The Back End: Using Gatsby.js and Node.js for Static Site Updates

In this article series, we will develop a static content website prototype. It will generate daily-updated, simple static HTML pages for popular GitHub repositories to track their latest releases. Static web page generation frameworks have great features to achieve that—we’ll use Gatsby.js, one of the most popular.

In Gatsby, there are many ways to collect data for a front end without having a back end (serverless), Headless CMS platforms and Gatsby source plugins among them. But we will implement a back end to store basic information about GitHub repositories and their latest releases. Thus, we will have full control over both our back end and front end.

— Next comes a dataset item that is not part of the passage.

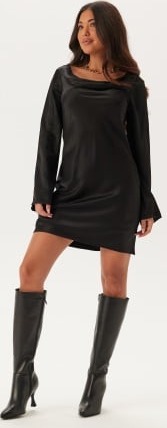 BUBBLEROOM Waterfall Satin Dress Black 46 BUBBLEROOM Waterfall Satin Dress Black 46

Also, I’ll cover a set of tools to trigger a daily update of your application. You can also trigger it manually or whenever some specific event happens.

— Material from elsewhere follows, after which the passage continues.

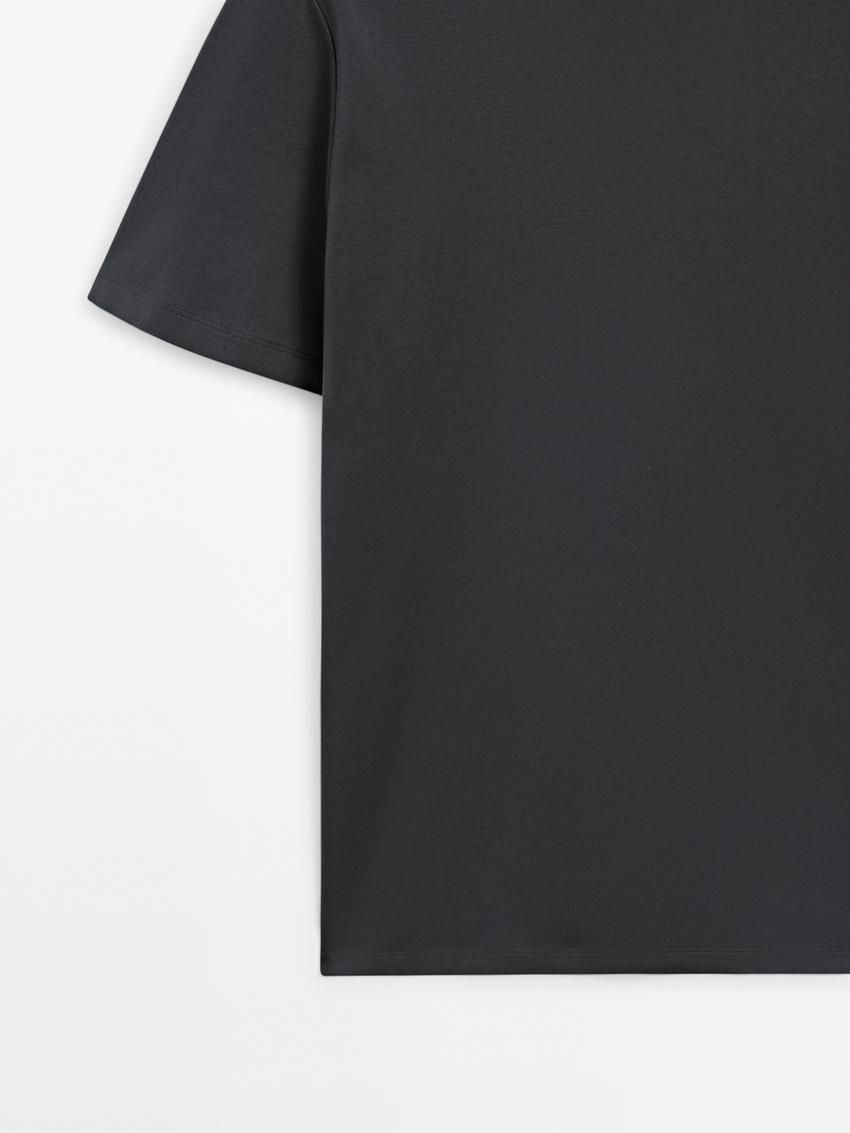 Massimo Dutti Mercerised Cotton Men T-Shirt Dark Grey | US-LG9817045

Our front-end application will be run on Netlify, and the back-end application will be working on Heroku using a free plan. It will sleep periodically : “When someone accesses the app, the dyno manager will automatically wake up the web dyno to run the web process type.” So, we can wake up it via AWS Lambda and AWS CloudWatch. As of this writing, this is the most cost-effective way to have a prototype online 24/7.

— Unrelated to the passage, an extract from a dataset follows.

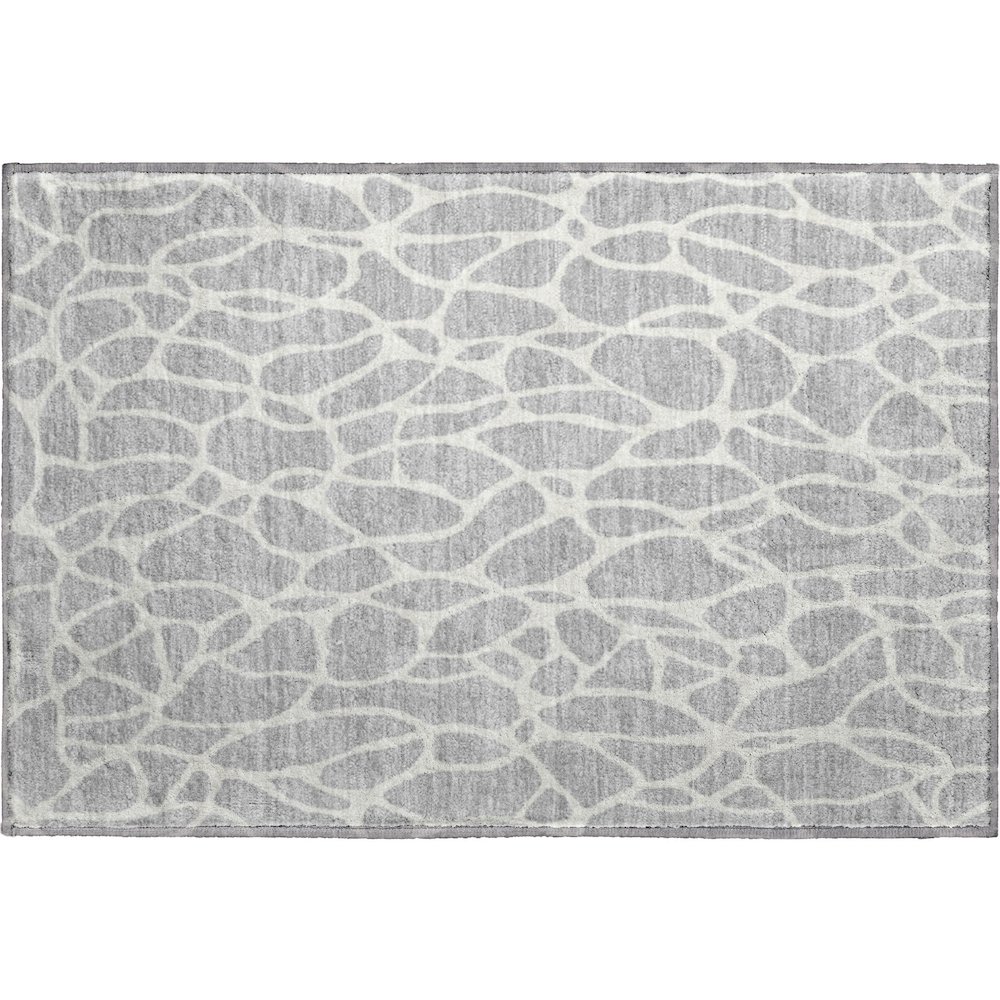 Premium Machine Washable Mayfield AMF1024 Silver 1'8" x 2'6" Rug. Picture 1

Our Node Static Website Example: What to Expect

To keep these articles focused on one topic, I won’t be covering authentication, validation, scalability, or other general topics. The coding part of this article will be as simple as possible. The structure of the project and usage of the correct set of tools are more important.

In this first part of the series, we will develop and deploy our back-end application. In the second part, we will develop and deploy our front-end application, and trigger daily builds.

The Node.js Back End

The back-end application will be written in Node.js (not mandatory, but for simplicity) and all communications will be over REST APIs. We will not collect data from the front end in this project. (If you are interested in doing that, have a look at Gatsby Forms .)

First, we will start by implementing a simple REST API back end that exposes the CRUD operations of the repository collection in our MongoDB. Then we will schedule a cron job that consumes GitHub API v4 (GraphQL) in order to update documents in this collection. Then we will deploy all this to the Heroku cloud. Finally, we’ll trigger a rebuild of the front end at the end of our cron job.

The Gatsby.js Front End

In the second article, we will focus on the implementation of the createPages API . We will gather all repositories from the back end and will generate a single home page that contains a list of all repositories, plus a page for each repository document returned. Then we’ll deploy our front end to Netlify .

From AWS Lambda and AWS CloudWatch

This part is not mandatory if your application won’t sleep. Otherwise, you need to be sure that your back end is up and running at the time of updating repositories. As a solution, you can create a cron schedule on AWS CloudWatch 10 minutes before your daily update and bind it as a trigger to your GET method in AWS Lambda. Accessing the back-end application will wake up the Heroku instance. More details will be at the end of the second article.

Here is the architecture that we will implement:

toptal-blog-image-1555654043224-999bbf13f1410d5b76d2d7d788ddf99a.png

Assumptions

I assume that readers of this article have knowledge in the following areas:

HTML
CSS
JavaScript
REST APIs
MongoDB
Git
Node.js

It’s also good if you know:

Express.js
Mongoose
GitHub API v4 (GraphQL)
Heroku, AWS, or any other cloud platform
React

Let’s dive into the implementation of the back end. We’ll split it into two tasks. The first one is preparing REST API endpoints and bind them to our repository collection. The second is implementing a cron job that consumes GitHub API and updates the collection.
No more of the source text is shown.